Thursday, 15 August 2002
An Assessment of supercell and tornado forecast parameters through RUC-2 model close proximity soundings
Richard L. Thompson, NOAA/NSSL/SPC, Norman, OK; and R. Edwards and J. A. Hart
Poster PDF (141.7 kB)
The preliminary investigation of Edwards and Thompson (2000) will be expanded to include a data set of 458 supercells that were observed across the contiguous United States from March 1999 through June 2001. Supercells were identified in base reflectivity and storm-relative velocity imagery, and an associated proximity sounding for each was interpolated spatially from hourly RUC-2 model analysis grids for each storm at the nearest surface observing site. Details regarding accuracy and representativeness of the RUC-2 analysis soundings will be presented in a companion paper by Thompson et al. (2002).
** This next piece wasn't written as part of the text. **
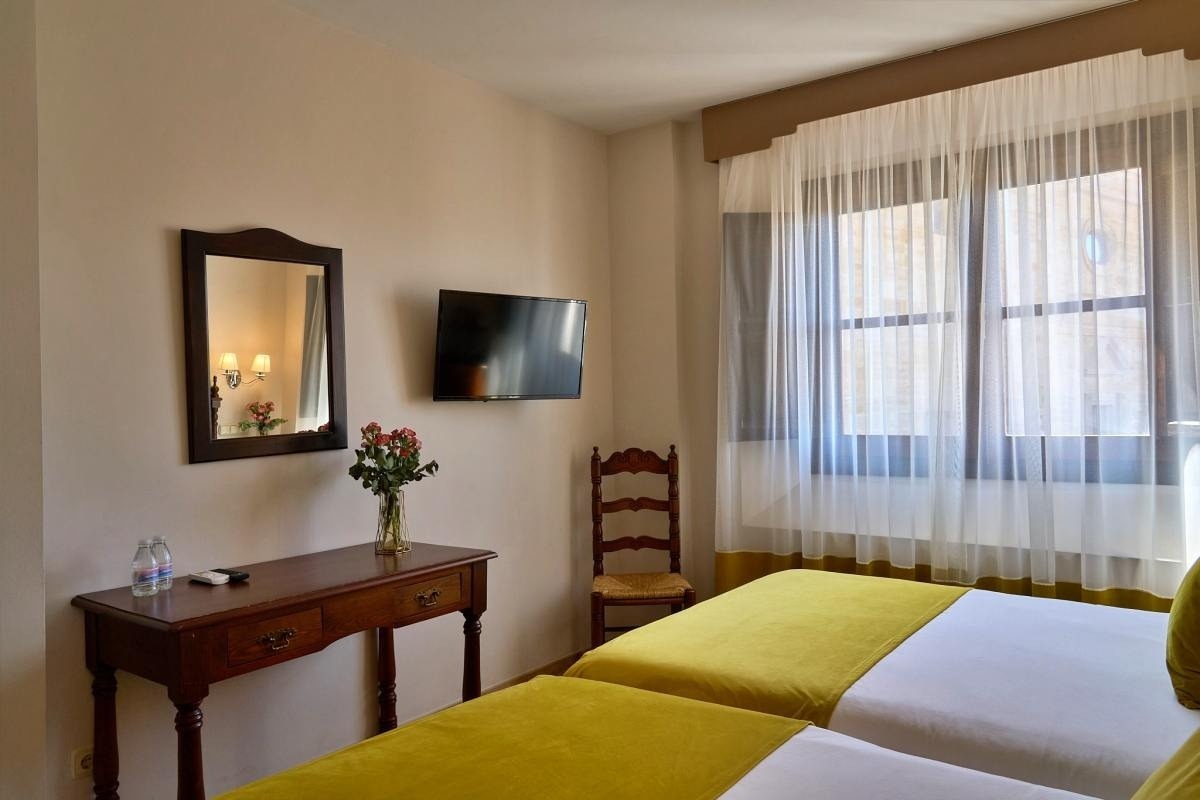 una habitación con dos camas y una televisión en la pared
Our initial analysis of the sounding profiles confirms the findings of several previous studies, in that 0-1 km storm-relative helicity and lifted condensation level (LCL) height are the best single parameters in discriminating between significant tornadic and nontornadic supercells. We will also examine multiple combination parameters, storm-relative winds (both in fixed height and normalized to storm depth) for observed and estimated storm motions, fixed- and variable-depth shear magnitudes, and layer lapse rates and relative humidity, among numerous other parameters. A primary goal of this investigation is to aid in the operational discrimination between environments supportive of significant supercell tornadoes and nontornadic supercells. A sample of 75 proximity soundings for discrete non-supercells will also be used to quantify differences between supercells and non-supercell sounding parameters. Additionally, our findings will aid in the calibration of various supercell-related parameters as part of the hourly objective analysis scheme at the Storm Prediction Center described by Bothwell et al. (2002).